--- What is being asked ---
Your answer must be the records below, repeated exactly, with every picture left out.

(Saved entries)
★ ★ ★ ★ ★ ★ ★

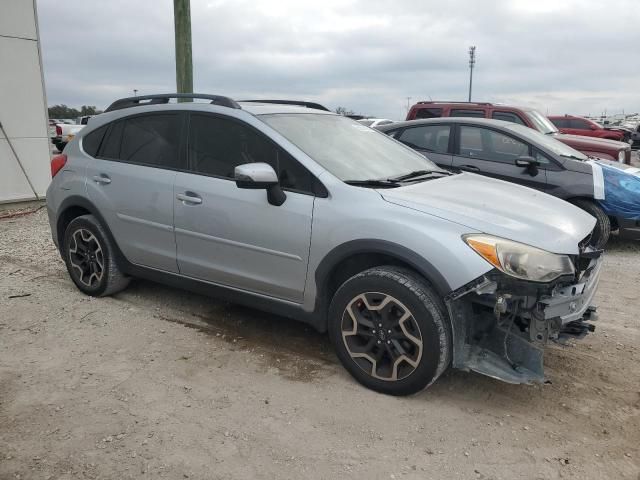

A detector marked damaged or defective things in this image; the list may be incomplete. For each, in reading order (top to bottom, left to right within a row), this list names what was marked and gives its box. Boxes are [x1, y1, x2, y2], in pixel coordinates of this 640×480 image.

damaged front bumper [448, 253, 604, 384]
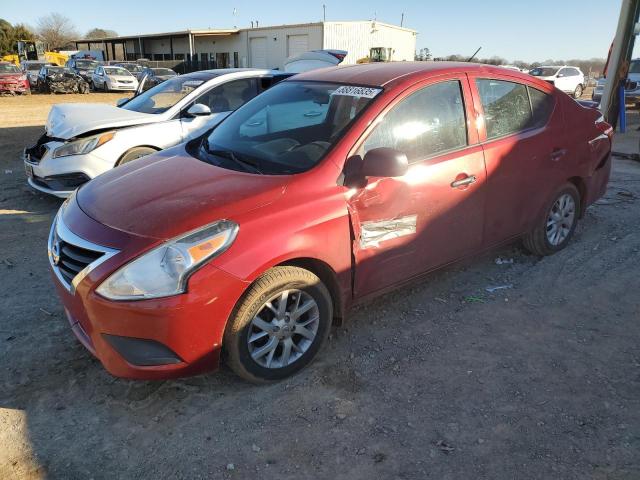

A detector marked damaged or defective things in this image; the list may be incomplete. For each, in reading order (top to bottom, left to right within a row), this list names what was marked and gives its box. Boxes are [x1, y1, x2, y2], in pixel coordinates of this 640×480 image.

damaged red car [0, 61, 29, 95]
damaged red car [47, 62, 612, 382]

★ ★ ★ ★ ★ ★ ★

--- Task solution ---
A detector marked damaged or defective things in this image; the list may be incomplete. For each, in reading order (top to bottom, left to right within a row), this list names what was marked and gives its box. Boxes are [x1, y1, x2, y2], in pixel coordinates of this 640×480 image.

damaged front bumper [448, 253, 604, 384]

A detector marked damaged or defective things in this image; the list may be incomplete. For each, in reading order (top to bottom, left to right within a row), this list names what was marked and gives its box. Boxes are [x1, y1, x2, y2], in pixel coordinates of this 640×480 image.

damaged red car [0, 61, 29, 95]
damaged red car [47, 62, 612, 382]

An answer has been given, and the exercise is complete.